Evidence shows base models already contain reasoning capability in latent form; RL training optimizes deployment timing rather than capability creation. Hybrid models recover 91% of performance gains by routing tokens only, and activation vectors for reasoning strategies pre-exist before any RL.
Four cognitive tools implemented as sandboxed LLM calls improved GPT-4.1 on AIME2024 from 26.7% to 43.3% without any RL training. Modularity enforces operation isolation that pure prompting cannot guarantee, eliciting pre-existing reasoning capability.
Multiple architectures—depth-recurrent models, Heima, and Coconut—demonstrate that test-time compute scales through hidden state iteration rather than token generation. This suggests verbalization is a training artifact, not a reasoning requirement.
Quiet-STaR trains language models to generate rationales at every token position during pretraining on arbitrary internet text, enabling general reasoning without task-specific datasets. Rationale quality is judged by predictive accuracy rather than labeled correctness, allowing reasoning competence to emerge as a side effect of improved language modeling.
Analysis of 5 million pretraining documents shows reasoning relies on broad, transferable procedural knowledge from diverse sources, unlike factual recall which depends on narrow, document-specific memorization of target facts.
When semantic content is decoupled from reasoning tasks, LLM performance collapses even with correct rules in context. Models rely on parametric commonsense and token associations rather than formal logical manipulation, constraining reasoning to training distribution semantics.

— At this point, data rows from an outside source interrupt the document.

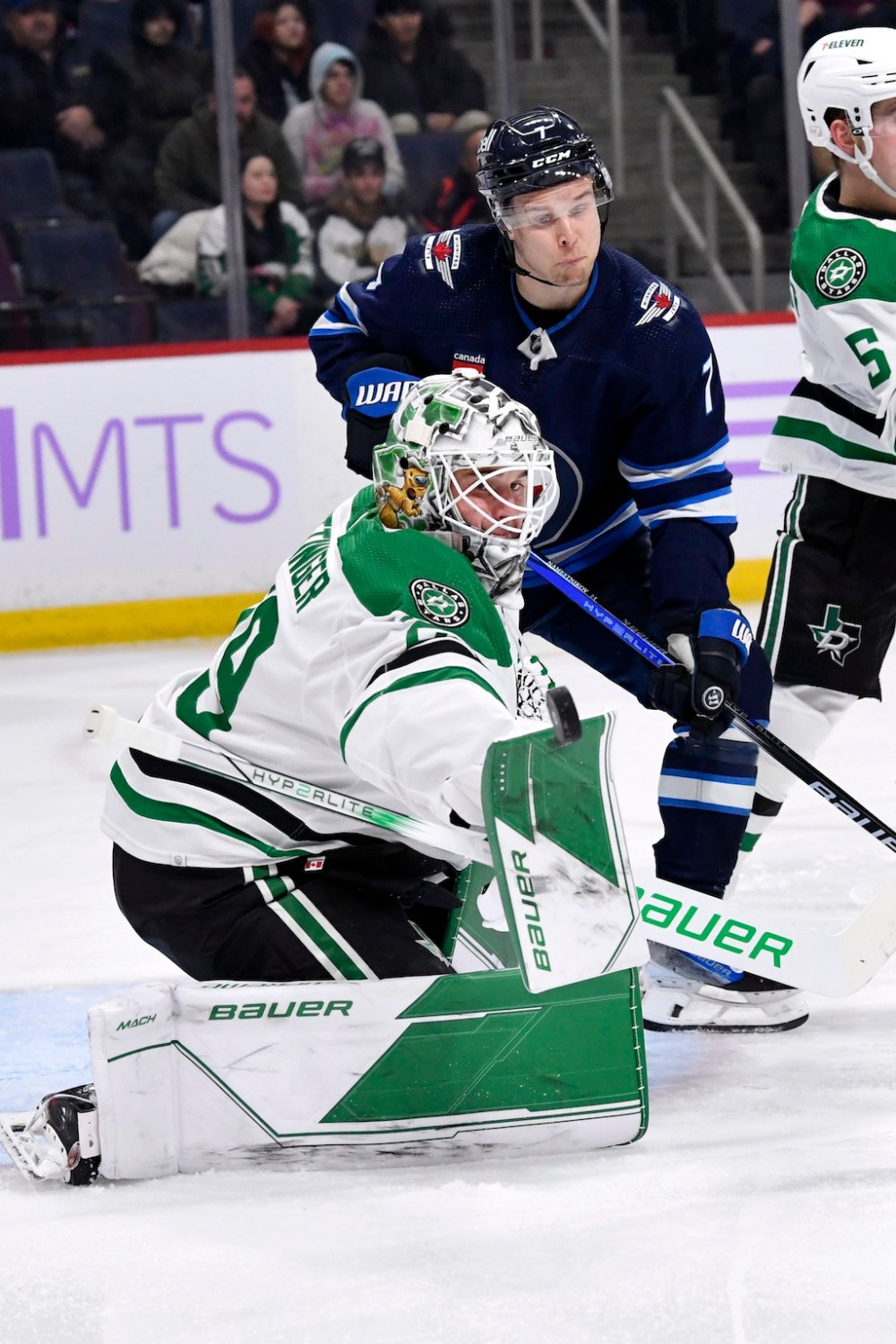 THE CANADIAN PRESS/Fred Greenslade
Dallas Stars goaltender Jake Oettinger makes a save as Winnipeg Jets' Vladislav Namestnikov looks for the rebound during the second period.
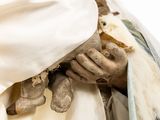 a statue of jesus holding a baby in his arms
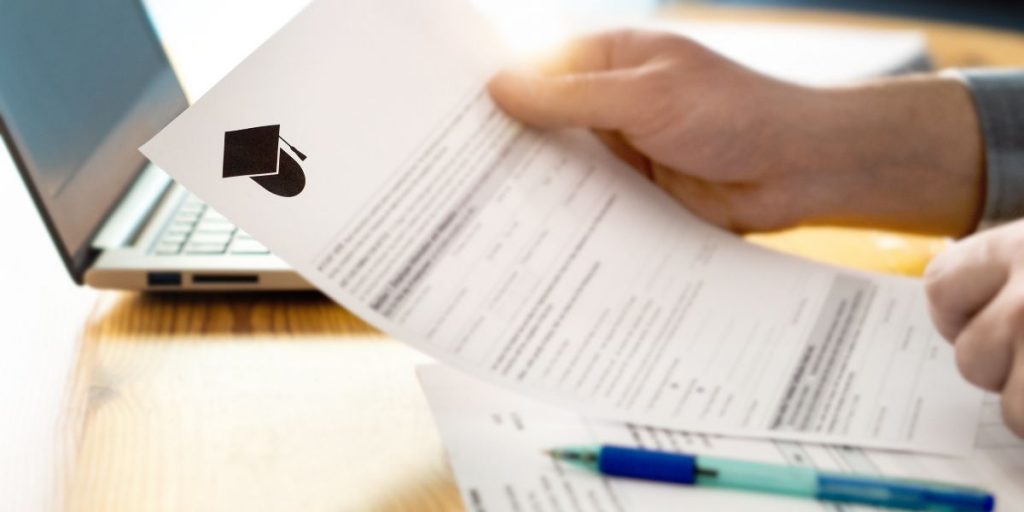 hands hold paper college application form next to an open laptop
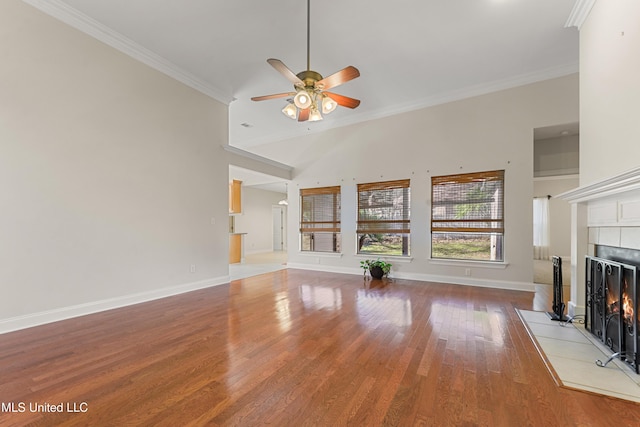 unfurnished living room featuring ceiling fan, a tile fireplace, wood-type flooring, ornamental molding, and high vaulted ceiling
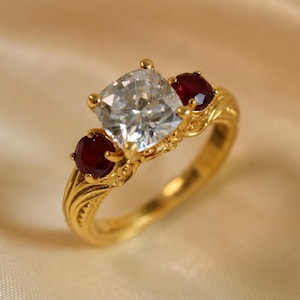 May include: A gold ring featuring a central cushion-cut clear gemstone flanked by two smaller round-cut deep red rubies. The gold band displays intricate, textured, carved detailing along the shank, providing a decorative finish to the metal.
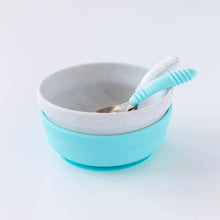 Load image into Gallery viewer, Bumkins Silicone Grip Bowl: Marble sits stacked on top of a blue bowl, with two spoons inside, on a white background.
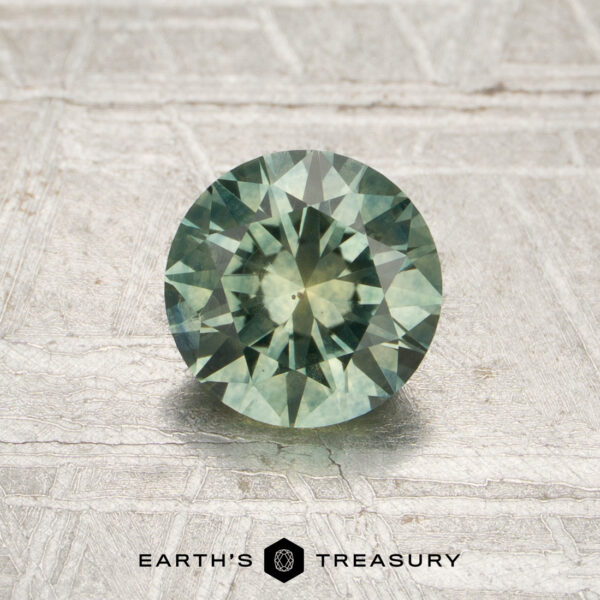 1.09-Carat Mint Green Montana Sapphire (Heated) 1.09-carat mint green Montana sapphire (heated) with a faceted cut, displayed on a textured light surface above the text “EARTH’S TREASURY.”.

CoT works by constraining models to reproduce familiar reasoning patterns from training, not by enabling novel symbolic reasoning. Performance degrades predictably under distribution shifts—the signature of imitation rather than capability emergence.
DataAlchemy experiments show CoT fails systematically under distributional shifts in task, length, and format. Models produce fluent but logically inconsistent reasoning — imitating reasoning form without valid underlying logic.

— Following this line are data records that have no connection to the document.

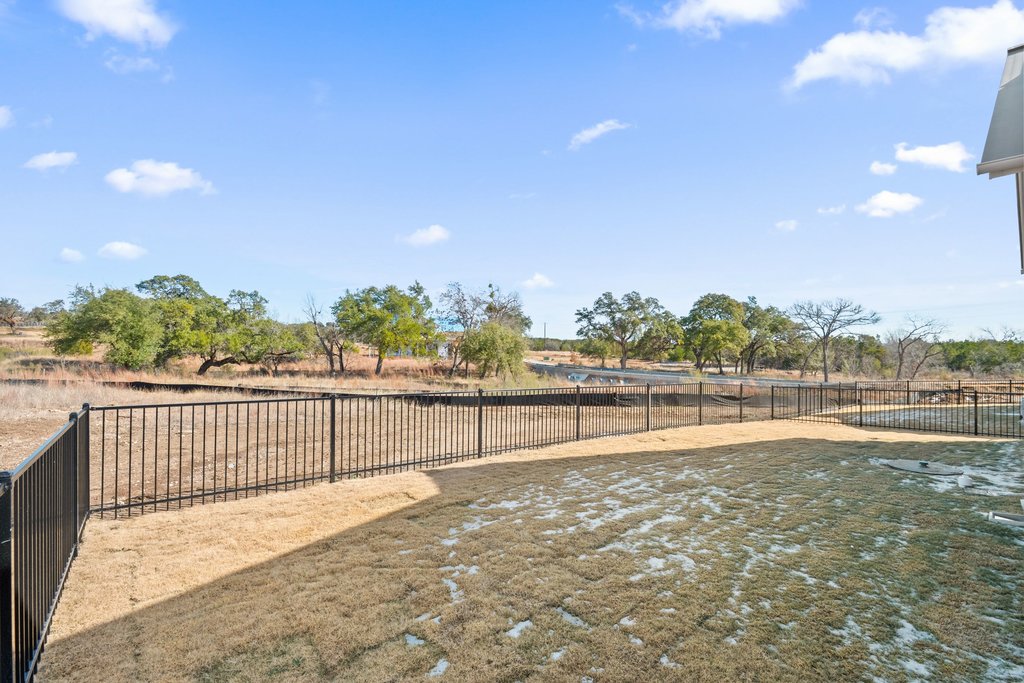 711 Paleface Ranch Road, Unit 9 Spicewood, TX 78669 - Photo 22 of 30 View of yard featuring a patio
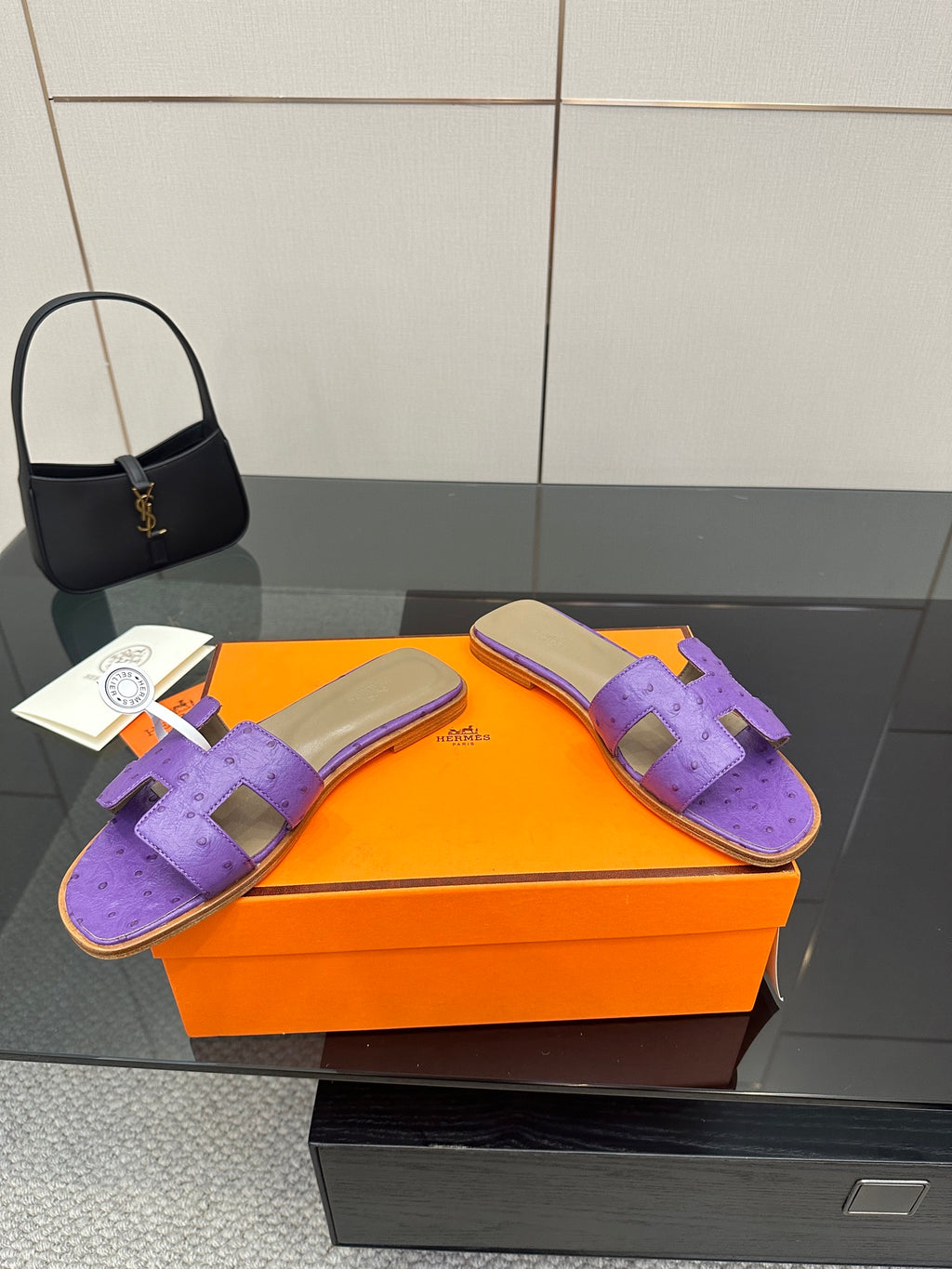 Hermes purple slide sandals with H-style strap, pair shown on orange box with tags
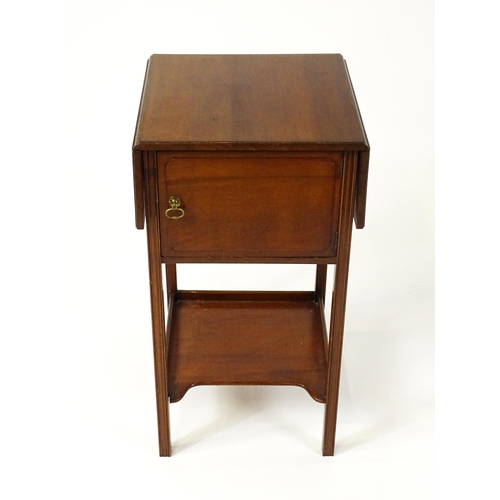 1547 - A late 19thC / early 20thC mahogany bedside cabinet / pot cupboard with two drop leaves above a sing... 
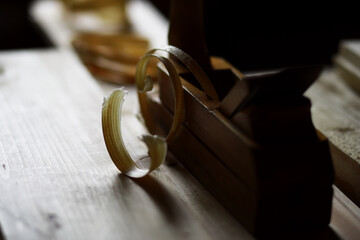 Plane jointer carpenter or joiner tool and wood shavings. Woodworking tools on wooden table....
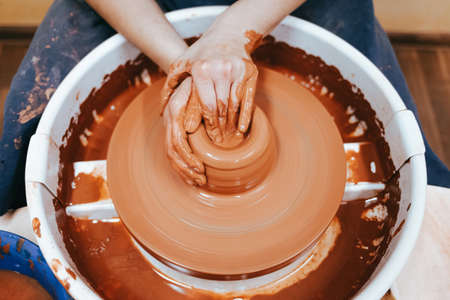Potter forms clay products into future ceramic dishes. Process of creating clay products close-upの写真素材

Models trained on systematically irrelevant traces maintain solution accuracy and sometimes improve out-of-distribution generalization, suggesting traces function as computational scaffolding rather than meaningful reasoning steps.
Reasoning models persistently outperform non-reasoning models regardless of inference budget because training instills a reasoning protocol that makes additional tokens productive. The gap is fundamentally about deployment mechanisms and training structure, not raw capability.